IPS faces $15M budget shortfall this academic year, $18M deficit projected for 2021-2022


INDIANAPOLIS — Indianapolis Public Schools said a decline in enrollment amid the pandemic has led to a $15 million budget deficit this academic school year.

“It’s a big question mark, obviously, for every district to see what choices those families make,” said IPS Superintendent Aleesia Johnson.

The district’s projections for next year’s budget is even further down the slope. On Tuesday, district leaders said they could be forced to lay off employees due to an anticipated $18 million shortfall in the 2021-2022 school year.

“Our priority is to ensure that classroom instruction — teaching and learning — is impacted as little as possible by any reductions we have to make,” said Johnson.

Johnson said the state average for total tuition support has increased 15% since 2013-2014, however, IPS has seen an increase of $17.

“I’m not sure what that percent is, but it’s no where close to 15%, which I think is the headline there,” said Johnson.

Based on this, the district said they have to continue to make recommendations for more equitable state funding.

IPS Chief Financial Officer Weston Young explained there are two types of funding: foundation funding, which gives every student or district equal amounts of funding, and complexity funding, which gives more to districts with low-income students.

“Right now, the base of complexity hasn’t been funded or increased the last few years,” said Young. “That’s critical. At some point, their equal is not equitable.”

Young said district leaders continue to make sure equitable funding is at the forefront of state lawmaker’s decision making. They strive to ensure complexity funds are being awarded at the same or greater rate as foundation funding.

Meanwhile, Rep. Gregory Porter agrees with the district. He said complexity funding has actually fallen 50% over the past decade from 20% to 10%.

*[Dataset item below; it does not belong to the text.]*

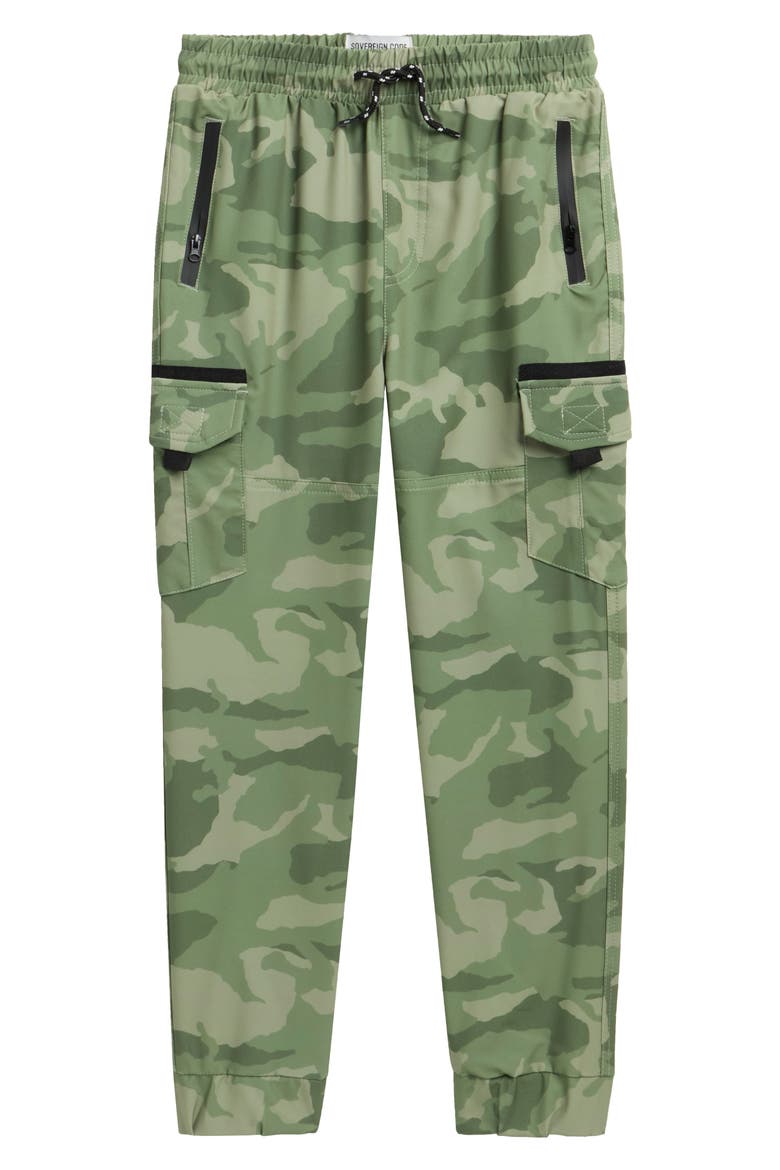 Kids' Eternal Camo Joggers, Main, color, LIGHT OLIVE/ WOODLAND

“IPS is continuously, even though they have more students, they continuously lose money,” said Rep. Porter.

“The flaw in the theory of ‘everyone gets something’ is the fact that everyone is not at the same place or existing under the same conditions,” said Johnson. “Which means we need to fund equitably and acknowledge the differences that exist, versus funding equally.”

IPS district leaders emphasize they have not yet finalized any budget reductions for this year or next. They said those recommendations will be made by late spring.